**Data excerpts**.
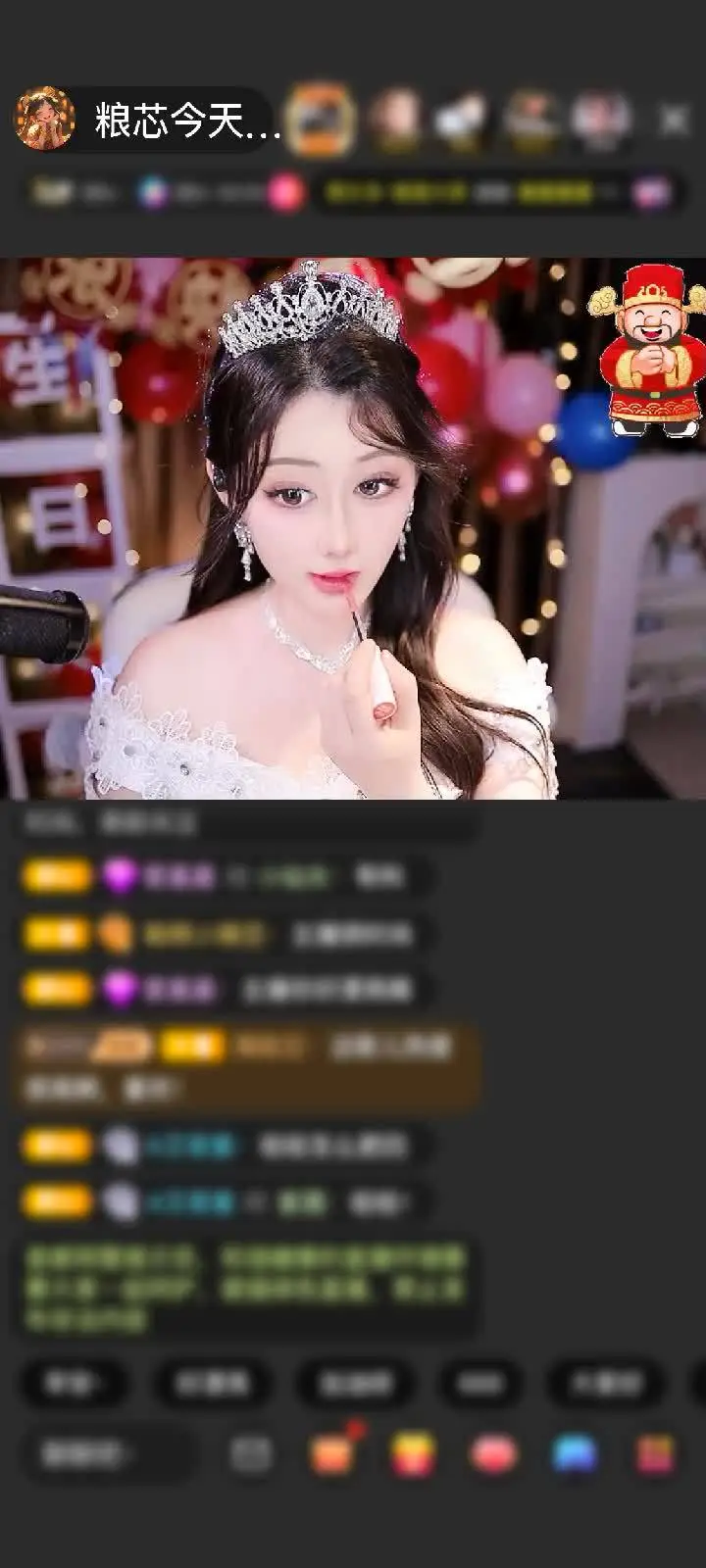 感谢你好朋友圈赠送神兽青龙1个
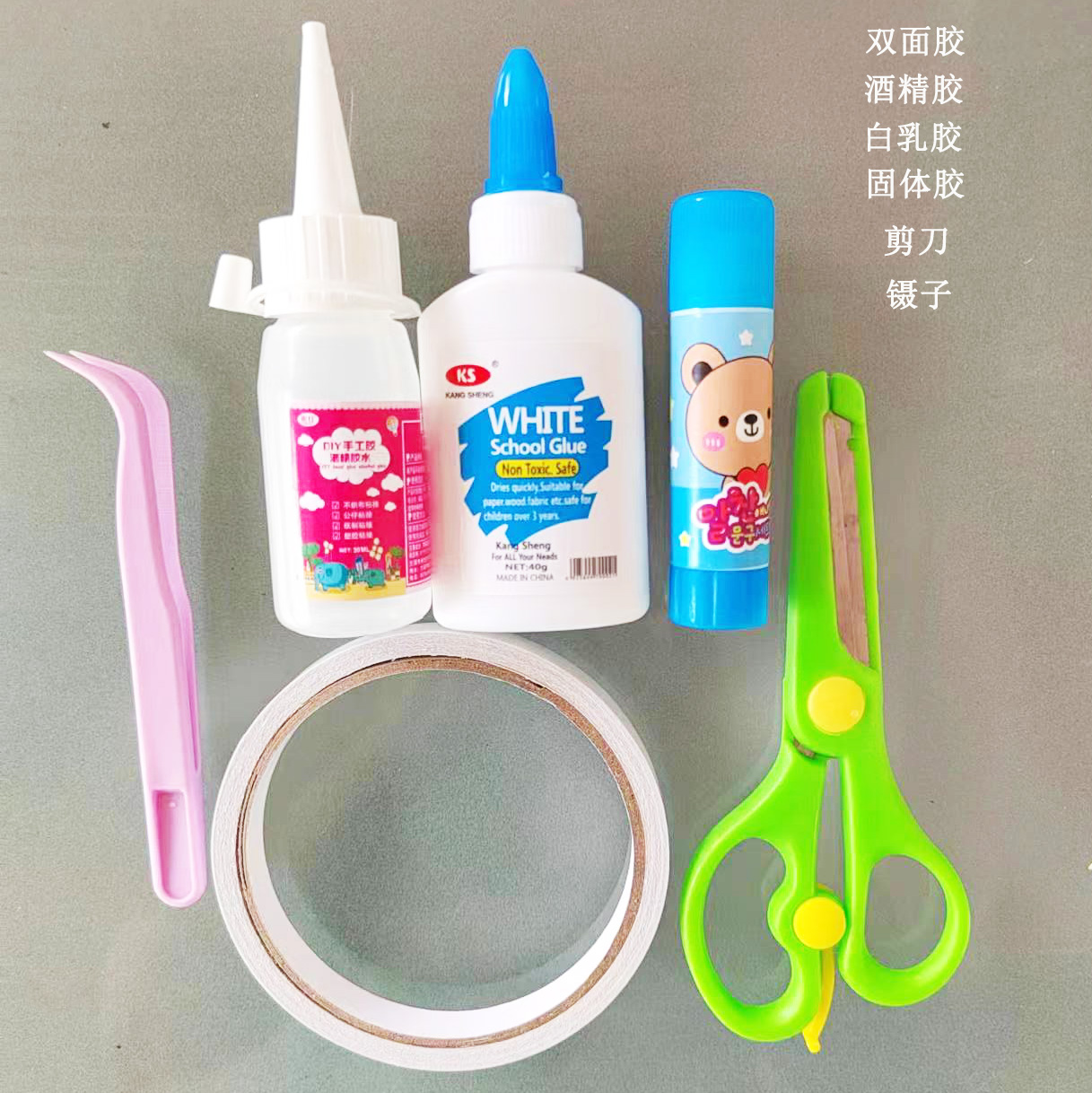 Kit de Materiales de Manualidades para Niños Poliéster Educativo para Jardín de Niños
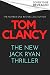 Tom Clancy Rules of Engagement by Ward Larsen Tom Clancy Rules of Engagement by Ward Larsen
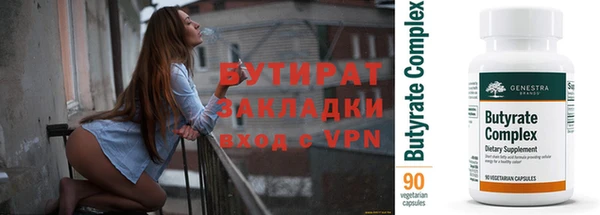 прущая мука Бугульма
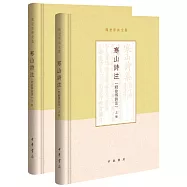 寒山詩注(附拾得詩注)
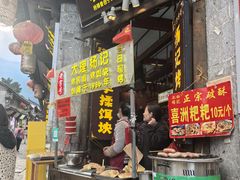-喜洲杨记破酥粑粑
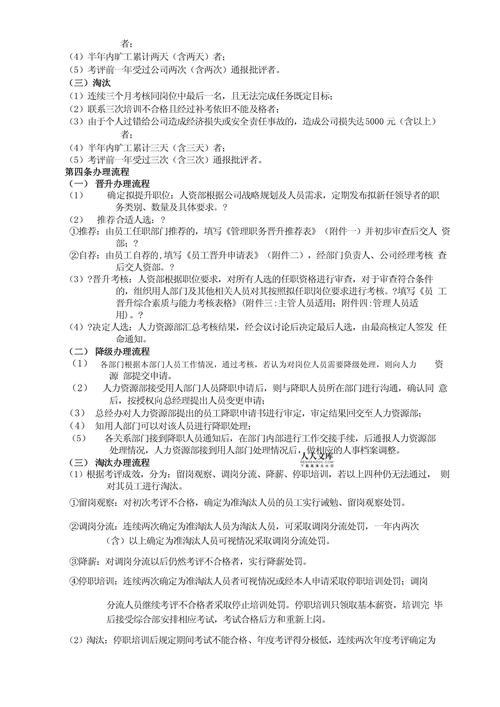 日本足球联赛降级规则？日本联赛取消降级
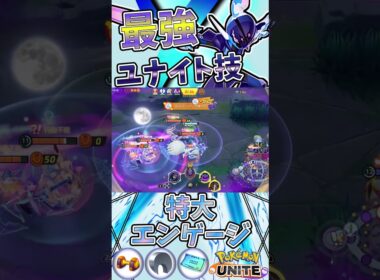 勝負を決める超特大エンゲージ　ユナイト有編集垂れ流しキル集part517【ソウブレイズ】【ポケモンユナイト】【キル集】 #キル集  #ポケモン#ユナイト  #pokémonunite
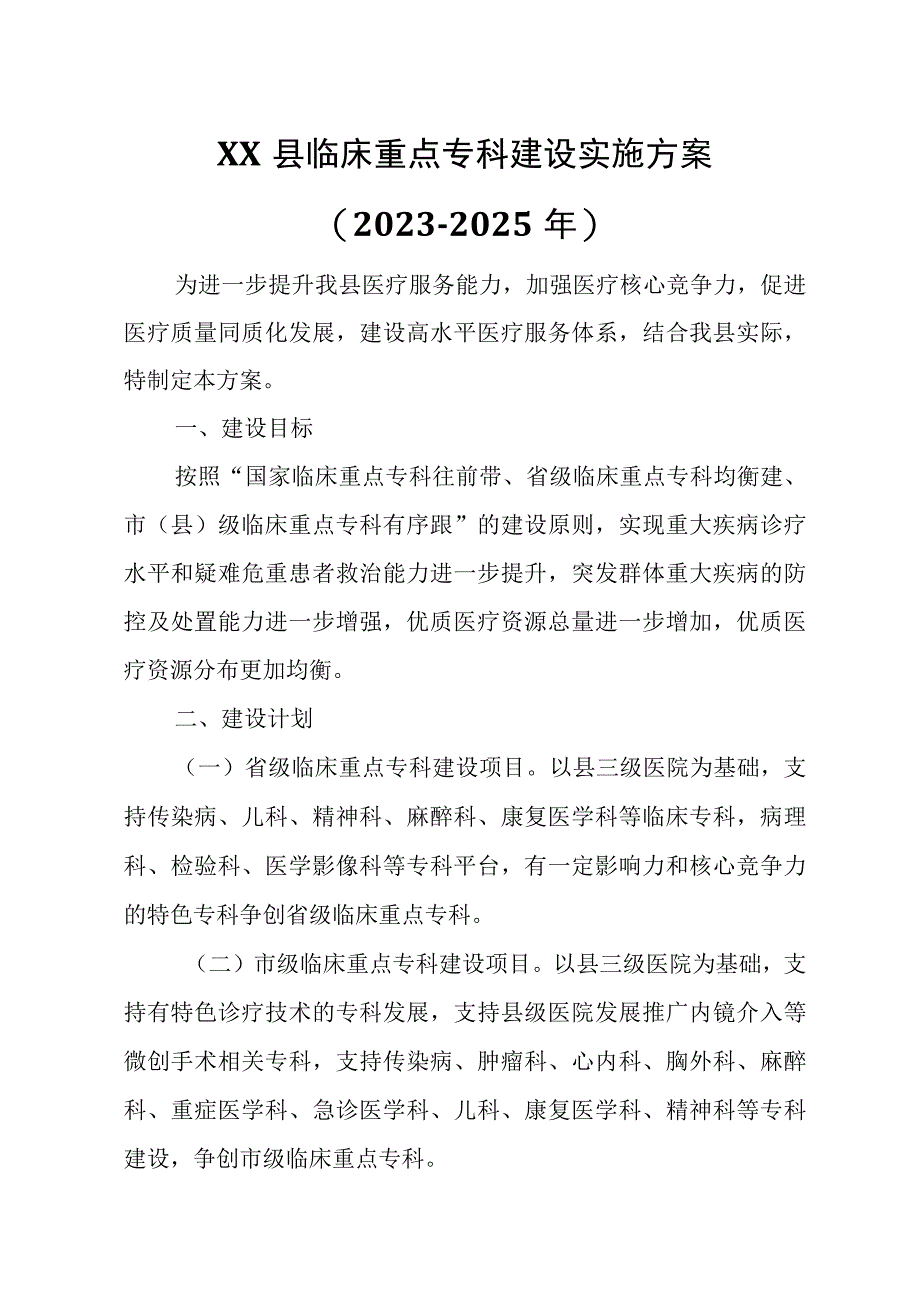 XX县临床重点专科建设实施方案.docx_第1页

**Instructions for the task**.
Only the lines from the one containing "прущая мука Бугульма" through the last line of the entries above, both included, belong in the answer, written out exactly; pictures do not.

**Finished exercise**.
 прущая мука Бугульма
 寒山詩注(附拾得詩注)
-喜洲杨记破酥粑粑
 日本足球联赛降级规则？日本联赛取消降级
 勝負を決める超特大エンゲージ　ユナイト有編集垂れ流しキル集part517【ソウブレイズ】【ポケモンユナイト】【キル集】 #キル集  #ポケモン#ユナイト  #pokémonunite
 XX县临床重点专科建设实施方案.docx_第1页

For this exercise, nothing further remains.